The paper examines equity, fixed-income, and balanced funds globally to draw conclusions about how investors make investment decisions.
Key findings from the “What Factors Drive Investment Flows?” report:
U.S. investors strongly prefer low-cost funds, but these preferences are virtually nonexistent outside of the United States.
- Indexed equity funds receive higher flows at the expense of active equity funds. The trend reverses for fixed-income and balanced funds, as investors globally favour active strategies.
- Investors expressed a strong preference globally for funds that invest in a socially conscious manner. Globally, equity funds that self-identify as socially responsible receive 0.40 percent greater flows per month than funds that do not.
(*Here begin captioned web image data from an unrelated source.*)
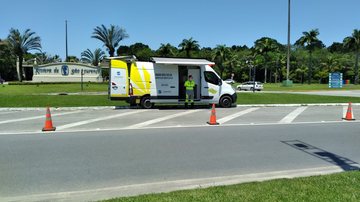 Equipe de Operações Especiais está realizando a sinalização em frente a Riviera de São Lourenço - DER-SP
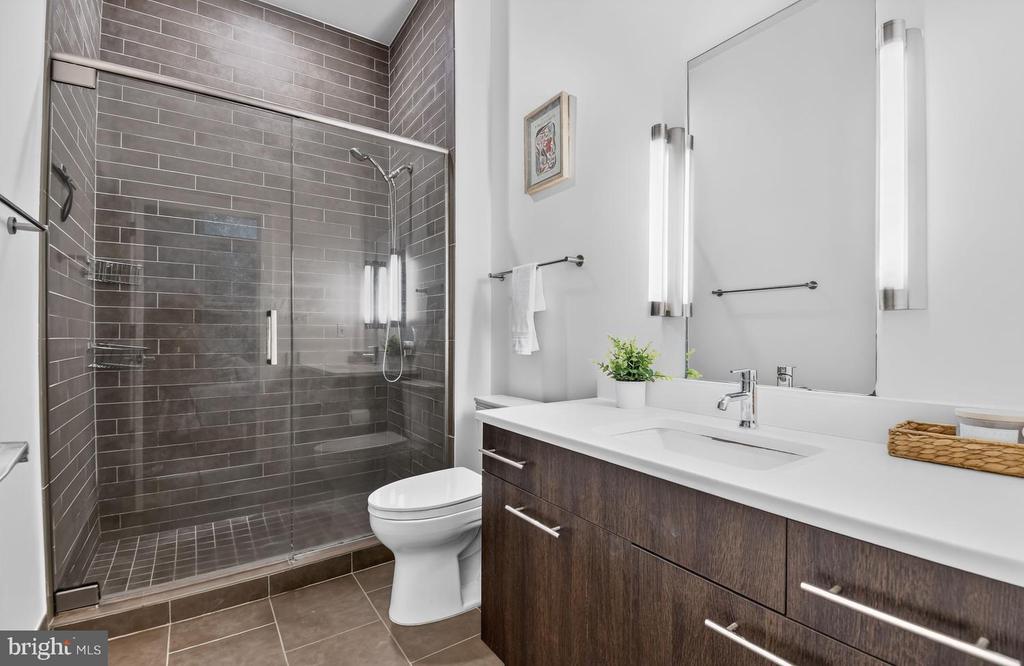 1767 LANIER PLACE NW Unit: 4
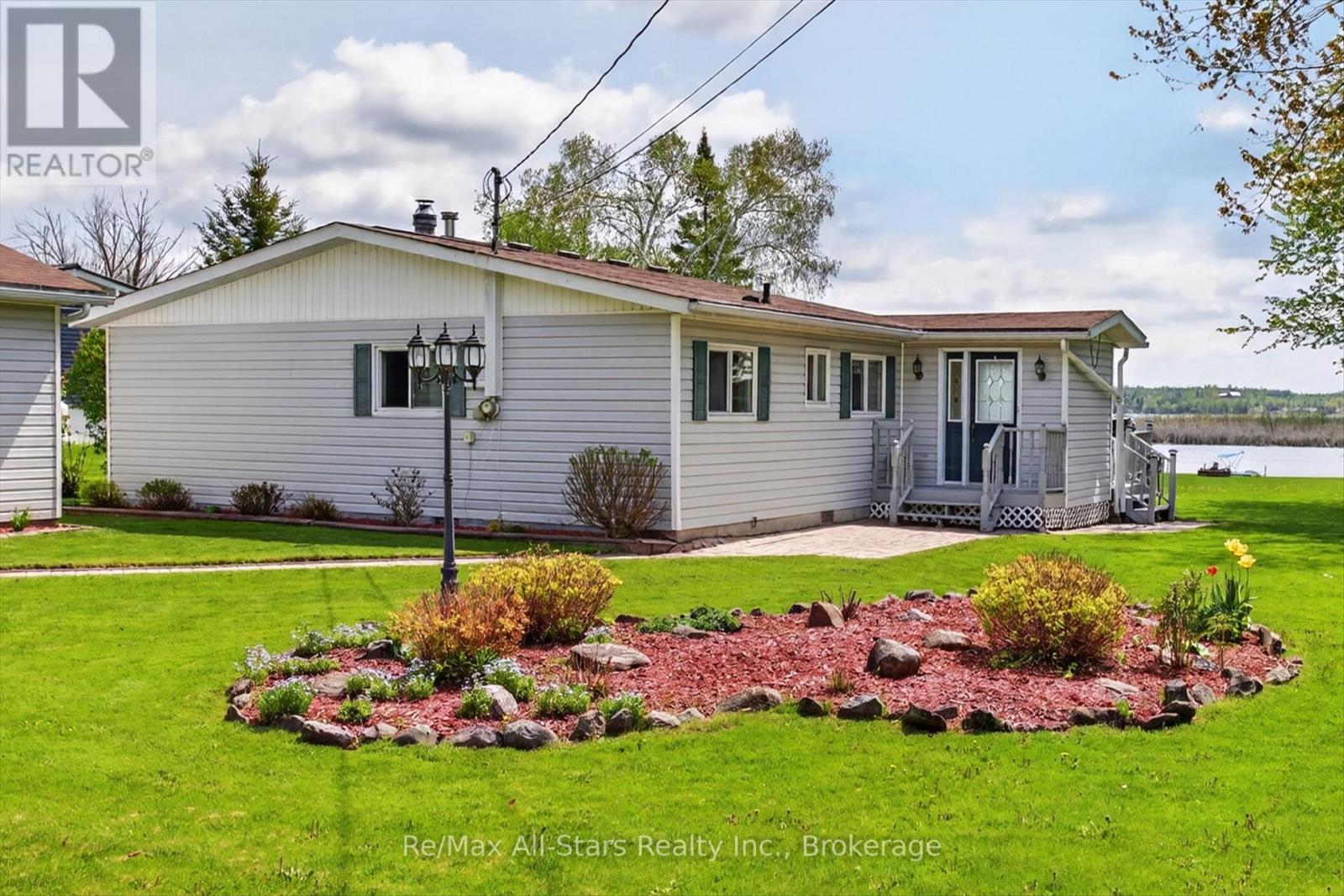 132 FENELON DRIVE - 30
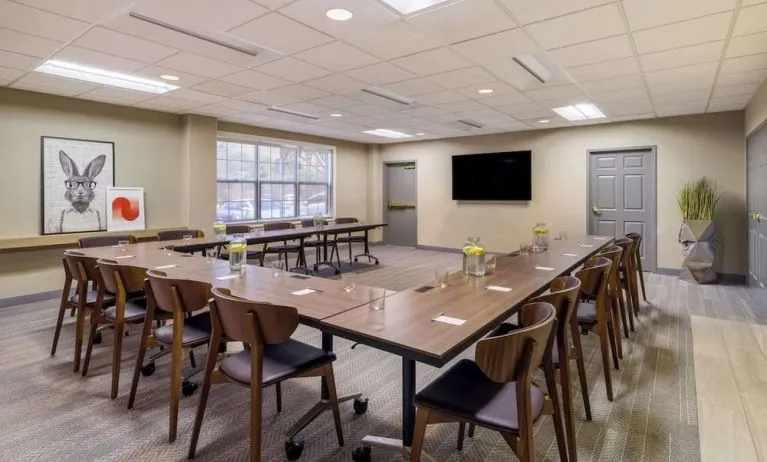 Professional meeting room at Sonesta ES Suites San Antonio Downtown Alamo Plaza.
- Investors globally respond to Morningstar ratings—both the quantitative Morningstar Rating™ (the “star rating”) and the qualitative Morningstar Analyst Rating™. Funds with a higher Morningstar Rating attract greater inflows than funds with lower ratings. The five-tiered Analyst Rating scale has three positive levels, indicating Morningstar Medalists—Gold, Silver, and Bronze—and has proved to be a strong asset flow indicator as well.
- Investors seek out funds from higher-quality firms, and a notable relationship exists between asset flows and portfolio manager tenure. Investors favour long-tenured managers and visible continuity of fund management, suggesting that funds with co-management and internal promotion practices are better insulated from the adverse effects of manager departure.